May 29, 2018. The school year wraps up this week, setting my teacher partner free to travel. He has been prepping our Airstream, and I have been busily tweaking reservations along the path we’re targeting this summer. Some returns, some new locations. All of it flexible should we change our minds! Our minds are crammed full … no question we are overlooking something (to be further tweaked down the line).
In our yard, every day something new blooms … bringing regrets that we must miss this to venture toward the other. This collage blends purple coneflowers with datura, both prolific bloomers frequented by bees.
April 30, 2018. April brings beautiful wildflowers to Central Texas. My favorite is the pink evening primrose, Oenothera. My first April here (1987) the median strip between walk and street proved to be primrose territory. A bonus the realtor never mentioned. Thereafter, I was careful not to mow until after the blooming! Until … in 2011 a new neighbor on the block (from out of state) created a stink about my “weeds” and sent a cop out to read me the rules. I had multiple cats and zero doubts that no rats lived in my median strip. But: rules are rules and fury is fury. I made sure I’d never be asked to mow that strip again – paved it with sandstone slabs and spite.
Now, every April, I wish I hadn’t. This year, I offer a poem to honor the missing pink and a collage to convey imagined petals – petals much larger in proportion to walkway than any Texan’s bragging might suggest; but hey, my imagination knows no limits!
April 7, 2018. I’ve been playing with a new macro photography lens, happily excited by some of the “captures”. I am far from professional equipment, but now closer to a shareable visual of details that attracted my imagination. This image is a passion flower vine tendril dangling mid air, tangling onto itself for lack of anything else to grasp. These grow on a trellis by our front gate – leave town for a few weeks, and the gate will be laced shut on return. Had I stood still a couple of hours, this one might well have grabbed more than my imagination.
I considered collaging in a ladybug … but will leave that to your imagination ….
March 31, 2018. March blows Spring into Central Texas – bringing wildflowers and fresh leaves. And in the garden, poppies! We planted seeds once and now we collect seeds to give away – our poppies keep popping back year to year. They are a mix of red and pink, big and small, and they are prolific. But each bloom is brief. And each worthy a portrait, my excuse to frequently indulge my photography urges.
I lucked onto one “about to pop” and caught the sequence. Apart from borders and the stand-in downward bud, all images are of the same poppy. All but the full bloom, in the span of about 5 minutes. The fully opened bloom is an hour or so later.
A delight to watch the unfolding!
March 25, 2018. This is messy time of year in Central Texas – live oaks drop all their leaves and then immediately begin “blooming” and dusting everything with their yellow pollen. Might as well wait for it to finish before trying to clean up.
Today I found this green anole on the hood of our black truck – perhaps drawn to the hue of the pollen? Perhaps struck by the reflection surrounding him? The perfect icon for Central Texas Spring, and decidedly in an extended pause. Perhaps contemplating source?

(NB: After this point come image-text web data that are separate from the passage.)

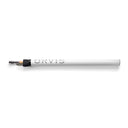 Orvis Helios F Fly Rod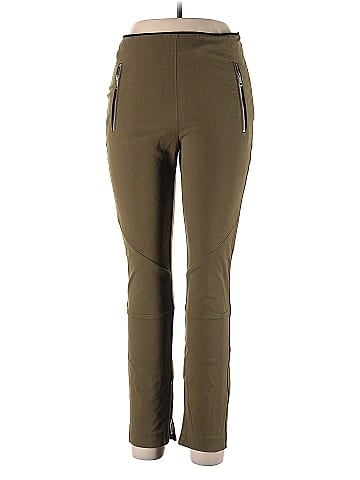 Rag & Bone Casual Pants (view 1)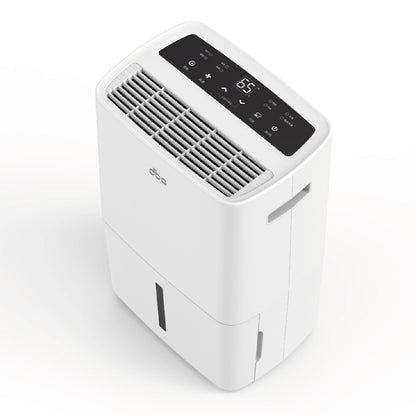 商用抽濕機 DBA-DH65
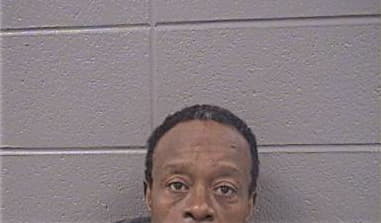 Anthony Fleming, - Cook County, IL 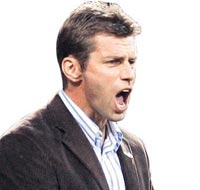 Aslan Skibbe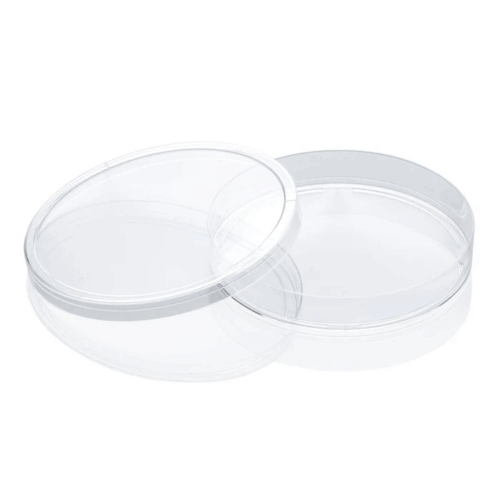 Petri Dish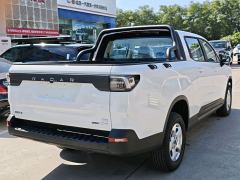 Geely EV 460km AWD - ფოტო 3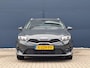 Kia Ceed Sportswagon Sw 1.0 T-GDi 120pk DynamicLine I 16"Lichtmetalen Velgen | Camera | Cruise Control | Apple CarPlay/ Android Auto |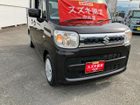 車両画像17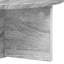 Floating Shelf-1316874986-1316874979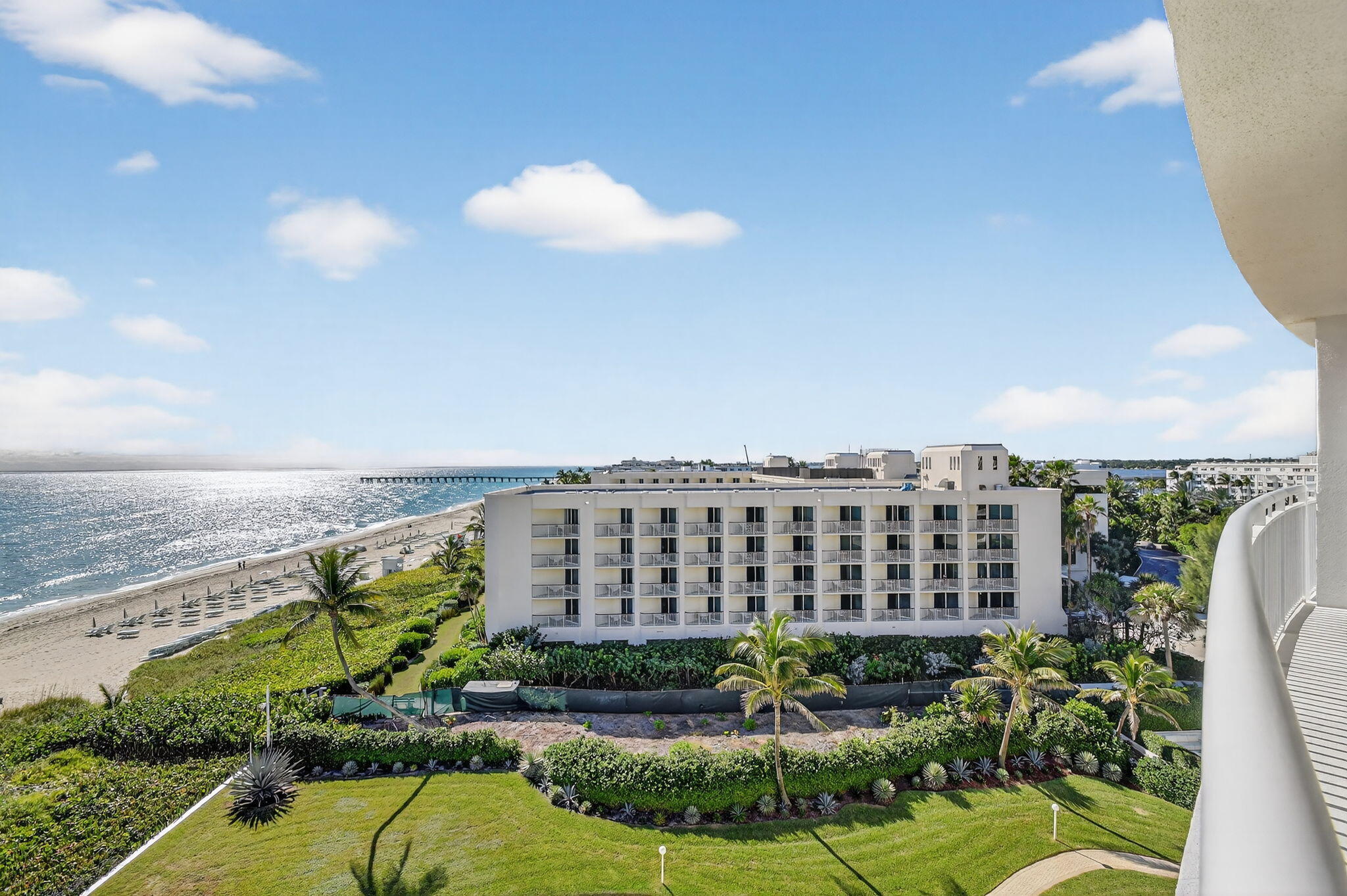 MLS #R11140850 image #12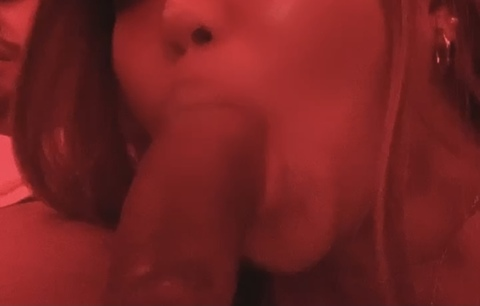 clarissaxx leaked gallery photo 2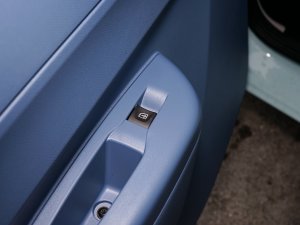 2022׷L 351KM ˜ ܇ƅ^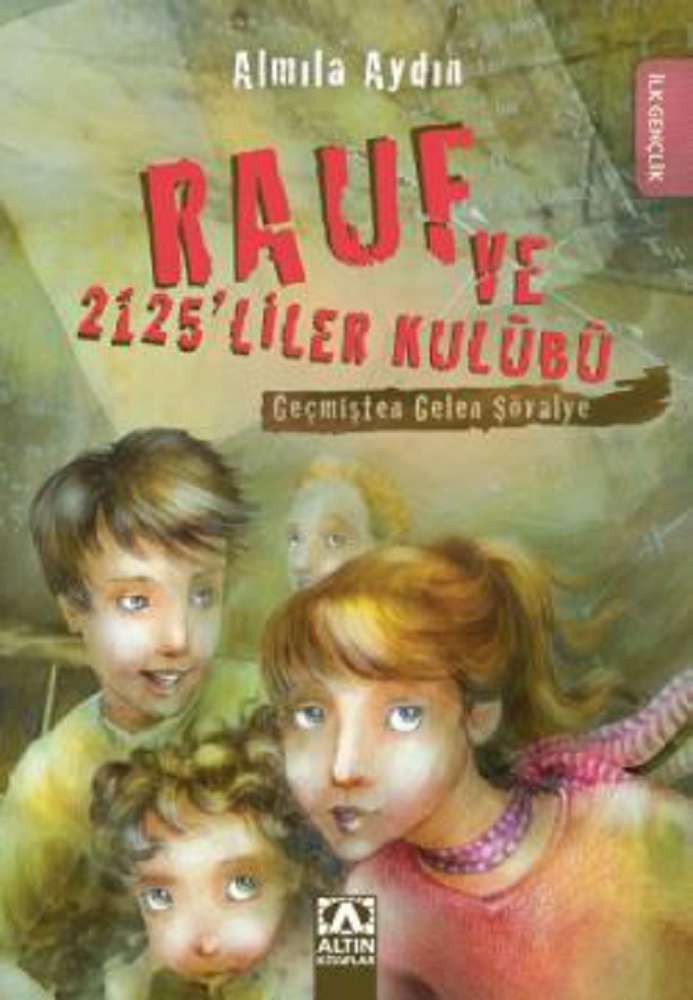 Ürün Resmi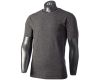 Marškiniai Man Half Sleeves R/Neck X-Dry Shirt
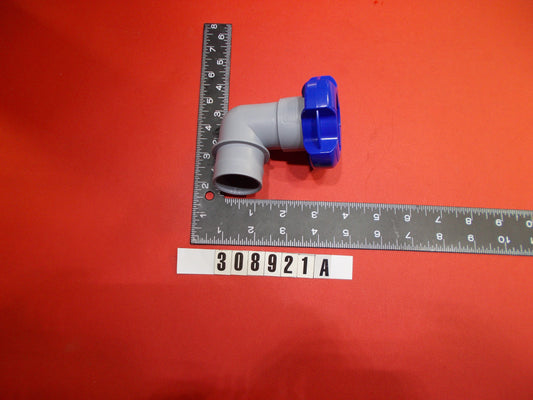 Mastercraft Boat 308921A Steering Components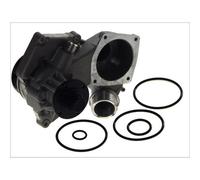 Bomba de agua MAGNETI MARELLI 352316170054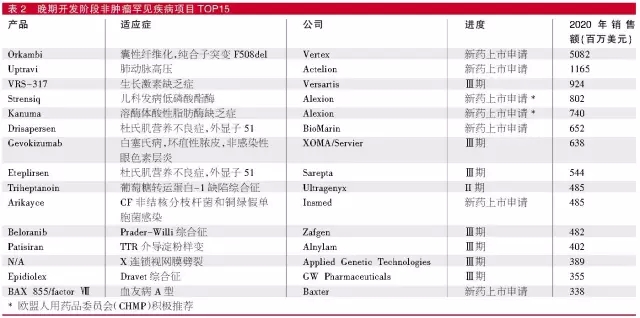 CC网投·(中国游)官方网站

March 16, 2018. This poem emerged while studying Zen poets – mostly male, but one female poet made the syllabus. Otagaki Rengetsu (1791–1875) became a Japanese Buddhist nun and one of the country’s most respected female artists – combining her poetry, calligraphy, and pottery. She learned from Kyoto potters and decorated her rough and rugged bowls, cups, and other vessels with her poetry, either painted on or scored into the clay in flowing calligraphy. Orders from tea masters and others kept her very busy. This collage of found images shows both her pottery and calligraphy styles.
March 10, 2018. I spent February studying Zen poetry – reading many of the classics and writing to suggested prompts. Lorraine “Bird” Mejia is a skilled online teacher and manages to pull things from me I did not expect. True with the Zen writing, for sure. But one of the exercises took me a bit off-prompt, smack dab back to the New Mexico mountain where we camp every August – specifically, back to the “snag” (a tree dead but standing, top broken off) where I sit in solitude. I posted about that snag in 2015, and here I repeat that earlier poem followed by my “Zenish” perception. One snag, two takes.